Trump issues executive order directed at Huawei

By Nick Beams
16 May 2019

In a further escalation of the economic confrontation with China, US president Trump yesterday signed an executive order that gives the Commerce Department the power to ban American firms from using equipment manufactured by the Chinese telecommunications company Huawei.

The executive order was carried out under the International Emergency Powers Act, giving the president the authority to regulate commerce in response to a “national emergency” that threatens the United States.

The executive order does not specifically name Huawei, but there is no doubt where it is directed. A bellicose White House statement said the administration would “do what it takes” to “protect America from foreign adversaries who are actively and increasingly creating and exploiting vulnerabilities in information and communications technology infrastructure and services in the United States.”

The executive order, which referred to adversaries seeking to carry out “economic and industrial espionage,” gives the US Commerce Secretary the power to prohibit deals that pose an “unacceptable risk to the national security of the United States.”

Anti-China hawks within the Trump administration had been pushing the president for months to sign the order, but he held back lest it jeopardise the trade talks. However, the decision by the US to lift tariffs on $200 billion worth of Chinese goods from 10 percent to 25 percent and the threat of a 25 percent tariff against a further $300 billion means that constraint no longer applies.

The latest US action is an escalation in what could well be described as a drive to “weaponise” all arms of the state apparatus in the economic confrontation against China.

In a move that has wider ramifications than the executive order, the Commerce Department has placed Huawei on the so-called Entity List, which means that US companies will now have to apply for a licence to sell technology to it. The company is highly dependent on US firms to supply computer chips as China lags well behind in this area.

Paul Triolo, a technology expert with the Eurasia Group, told the Financial Times putting Huawei on the “dreaded Entity List” was a “huge development” and had global ramifications “as Huawei supplies dozens of leading carriers around the world. He said the US had basically declared that it was prepared to engage in a “full-fledged technology war with China.”

Significantly, on Tuesday, Trump also called on the US Federal Reserve to loosen its monetary policy, and even to return to the policy of quantitative easing under which the central bank makes purchases of financial assets.

Trump has previously issued such calls to boost the stock market, but on this occasion it was directed to the trade war.

“China will be pumping money into their system and probably reducing interest rates, as always, in order to make up for the business they are, and will be, losing,” he said in a tweet. “If the Federal Reserve ever did a ‘match’, it would be game over, we win!”

Later in the day he said that, “with a little quantitative easing,” US growth would hit 5 percent.

Any move by the Fed in the direction demanded by Trump would bring about a fall in the dollar. It would amount to an escalation of the trade war into a currency war, in which countries undertake devaluations in order to improve their position in global markets.

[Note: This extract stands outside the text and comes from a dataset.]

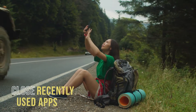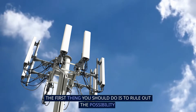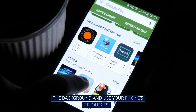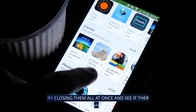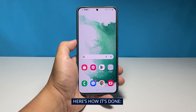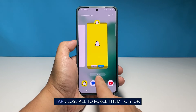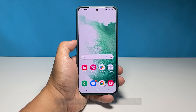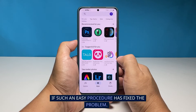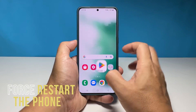First solution: close all background apps. The first thing you should do is to rule out the possibility that this is just due to some apps that are left running in the background and using your phone's resources. Try closing them all at once and see if there are performance improvements on your phone. Here's how it's done: tap on the recent apps key, then tap 'Close All' to force them to stop. Once you've done that, observe your phone closely to know if such an easy procedure has fixed the problem.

The US has long accused China of being a “currency manipulator” and the fall in the value of the Chinese currency, the yuan, this week to its lowest point since last December, is no doubt being closely watched.

The decline in the yuan, however, is not primarily due to action by the Chinese government, but is a consequence of the trade war and renewed signs of slower growth in the Chinese economy.

A cheaper yuan lessens the price of Chinese exports, and so helps alleviate the impact of the US tariffs. However, at this stage, while the People’s Central Bank has lowered the official value of the yuan by small amounts, Chinese financial authorities are fearful that any sharp fall could bring about capital flight from China.

In response to Trump’s trade war escalation, the Chinese regime is pursuing a two-track policy. While it has imposed levies on an additional $60 billion worth of American goods in response to the latest US tariff measures, the official rhetoric has been relatively mild. Foreign Minister Wang Yi said this week that “important and material progress” had been made, and held out the prospect that the two sides would reach a mutually beneficial deal.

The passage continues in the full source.